Parking meters came to New York somewhat late in the dance. They were first introduced in Oklahoma City in 1935. How's that for embarrassment? Scooped by Oklahoma City! I'm sure that really alleviated the parking crisis in downtown OC.
Anyway, it took sixteen years before New York realized that it was letting a lot of dimes - and quarters - to say nothing of slugs and foreign coins, to slip through their fingers. The meters were first installed on West 125 St, and it sure didn't take long for the fungus to spread to the 'outer boroughs.'
Those original meters required weekly winding by some guy walking along the curb with a crank, winding each meter. (Another occupation replaced by modern science and after all that special training you went through to get that job! ) But, the job that really impressed me was the guy who emptied the coins from the meter into a 2-wheeled canister with a long vacuum-cleaner type hose.
Now, that was a job! Just think of the possibilities. Think of all the promotional opportunities that must have been turned down once you got that job. "No, sir. Thanks for the offer, but I really don't want to be borough president. I think I'll just stay down here in the Department of Traffic doing the same boring job out there on the streets I've been doing for 23 years, collecting all those dirty coins for the City I love and making sure they all get into this canister I drag around every day."
A side note for all you ex-pats out there. It no longer costs a quarter for an hour of parking. For that lone quarter you get 10 to 12 minutes of parking. That could be why the City has installed meters that can accept coins or credit cards and/or parking cards. How thoughtful. There is no longer a need to carry a roll of quarters. There
There must be a lot of folks feeding these machines. In a recent year, the City took in more than $96 million from those meters.
Here's a further update. Those digital meters have been replaced by muni-meters. First the meters were removed, leaving only the hollow poles until the City got around to removing them. I'm sure that the overly honest drivers just dropped quarters down the hollow tubes. At the other end of the moral spectrum are the citizens who just yanked the poles out of the sidewalk and sold them for scrap metal.
In any case, now once you've found a parking spot you then have to locate the nearest muni-meter (There's usually two or three per block conveniently disguised as all the other street stuff you find along a curb.) Determine how much time you need to buy and how you will pay for it (cash or credit). Then run down the block, pay for your parking, run back to the car, put the receipt on your dash - all while looking for the parking enforcement agent.
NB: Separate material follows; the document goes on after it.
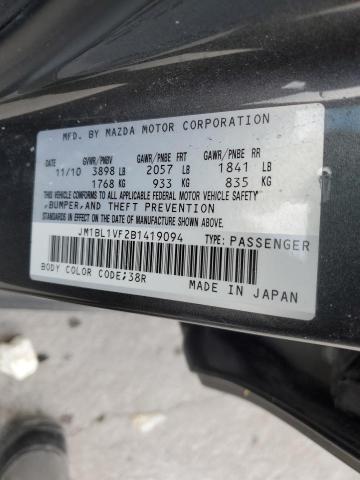 2015 Nissan Pathfinder S VIN: 5N1AR2MM9FC625373 Lot: 49770674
Figure on about three dollars an hour A lot of years ago I was in some town on Long Island. Pulled up to a meter, put in a penny and got twelve minutes of parking. Since there was already 40 minutes on the meter I felt I had beaten the system. By the way, many of the digital meters have a sensor that puts the timer back to zero when the vehicle leaves the spot. Saves you the time and grief of looking for a spot with time on the meter so you can save a dime. (Don't tell me you didn't do that years ago!)
I'm getting too old to handle all this change.
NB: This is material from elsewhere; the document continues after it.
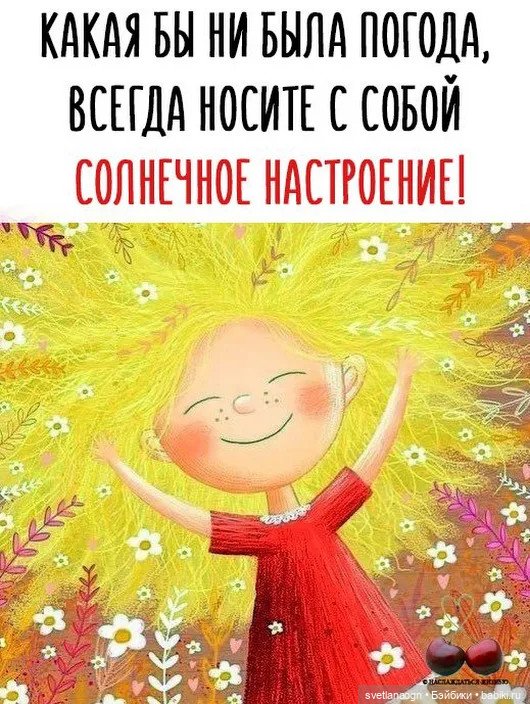 Не Теряйте Хорошее Настроение Картинки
Well, I was so distraught over another loss from my youth (Ebbets Field, trolley cars, Ebingers, Tilden High School, and now parking meters) that I decided to drown my sorrow, literally, in an egg cream.
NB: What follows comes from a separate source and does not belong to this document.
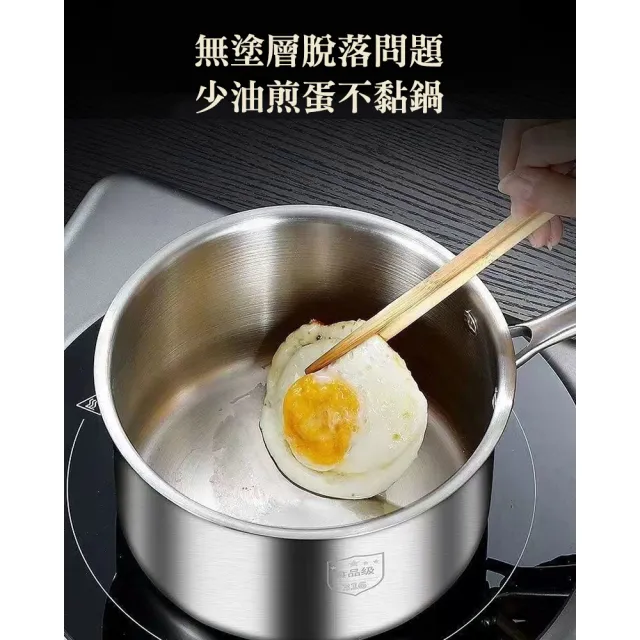 【QHL 酷奇】316不鏽鋼一體式單柄牛奶鍋不沾鍋-附鍋蓋+蒸籠(不沾鍋/湯鍋/煎鍋/牛奶鍋/雪平鍋)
Anyway, I could not find a decent egg cream, let alone many who knew what an egg cream is. Anyone out there know where the name came from? Why 'egg'? Check this: a current neighbor who grew up in Bay Ridge seems to remember an egg cream made with CREAM SODA!!! (That's why your mother told you never date anyone from any number street that didn't have 'East' in front of it.)
Decided to see if I could recreate an egg cream on my own.
- Take a tall, chilled, straight-sided 8 oz. glass
- Spoon 1 inch of U-bet chocolate syrup into glass
- Add 1inch whole milk
- Tilt the glass and spray seltzer (from a pressurized cylinder only) off a spoon, to make a big chocolate head
- Stir, drink, enjoy
By-the-way: No more glass jars; only plastic squeeze bottles. For those of you who insist on scooping your syrup out of a hard-side container, Fox's U-bet is available in 55-gallon drums. (No kidding!)